Julian Grobelny (February 16, 1893 – December 5, 1944) was an activist in the Polish Socialist Party (Polish acronym: PPS) beginning in 1915, and the President of Żegota (Council for Aid to Jews) from its inception in 1942.

Born in Brzeziny, Grobelny took part in the Silesian Uprisings and worked as an activist among the workers of Łódź before Second World War.
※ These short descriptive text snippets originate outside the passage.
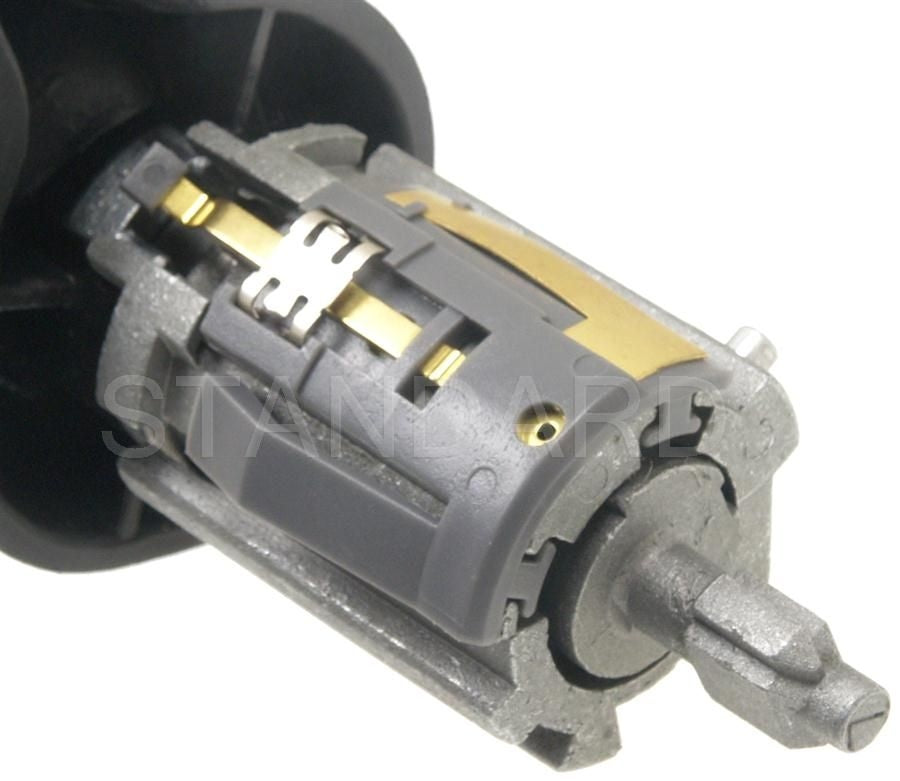 Standard Ignition Ignition Lock Cylinder US-215L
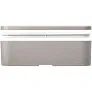 MIYO Renew single layer lunch box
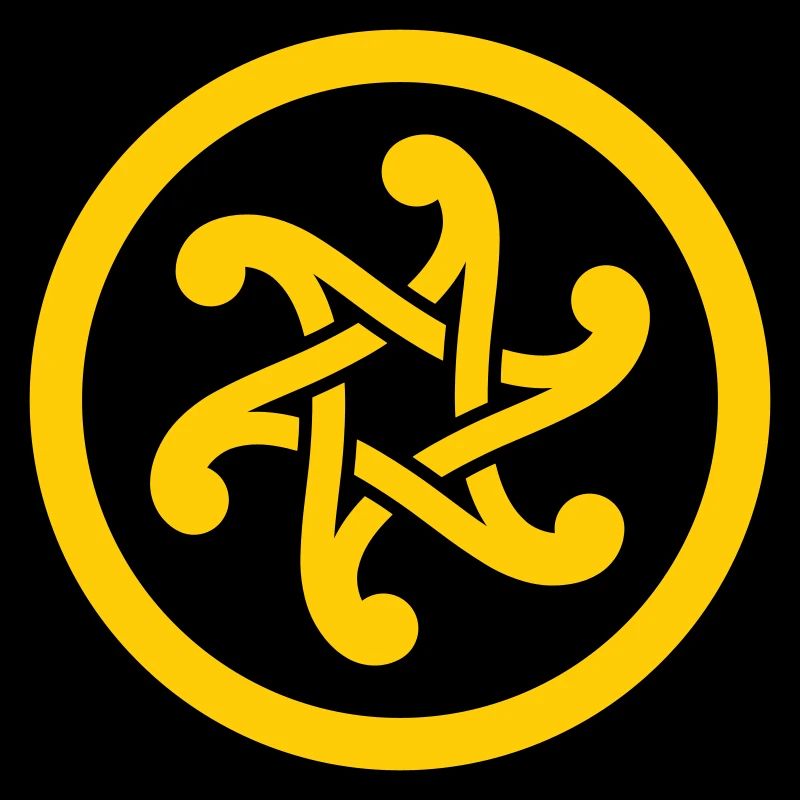 Kelten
As soon as the Nazis entered the city however, the Grobelnys found themselves listed as enemies of the Third Reich and went into hiding. Despite suffering from tuberculosis, Grobelny – together with his wife Halina (born 1900) – was personally involved in the rescue of a large number of Polish Jews during the German occupation of Poland. The couple was famous for their preoccupation with saving particularly Jewish children from the Holocaust by entering the Warsaw Ghetto and walking out with them as their own. They harbored over a dozen Jewish PPS activists in their home, and worked in close co-operation with Irena Sendler, head of the children’s section of Zegota. Julian (pseudonym "Trojan") and Halina turned their modest house in Cegłów near Mińsk Mazowiecki into a temporary shelter for Jews until they could be moved into a more permanent place. They offered protection to whoever needed it most, especially those who fled from the Ghetto in Warsaw. The Grobelnys devoted most of their time and energy to rescue work, but also helped Jewish adults by supplying them with “Aryan” papers, money and medicines.

The arrest

In March 1944, the Gestapo arrested Grobelny without knowing about his clandestine work. He survived, thanks to help from physician friends, Dr. Z. Franio, Dr. M. Ropek, Dr. J. Majkowski and Dr. J. Rutkiewicz who were aiding him in prison. Soon after the war ended, Grobelny became mayor of Mińsk Mazowiecki in central Poland (not far from Warsaw), but died there of tuberculosis a year later, on December 4, 1946. He is buried at a cemetery in Mińsk Mazowiecki. The names of Julian and Halina Grobelny figure prominently in books about humanitarian aid to the Jews of Warsaw and elsewhere during the occupation. On March 8, 1987, Yad Vashem recognized Halina and Julian Grobelny as Righteous Among the Nations.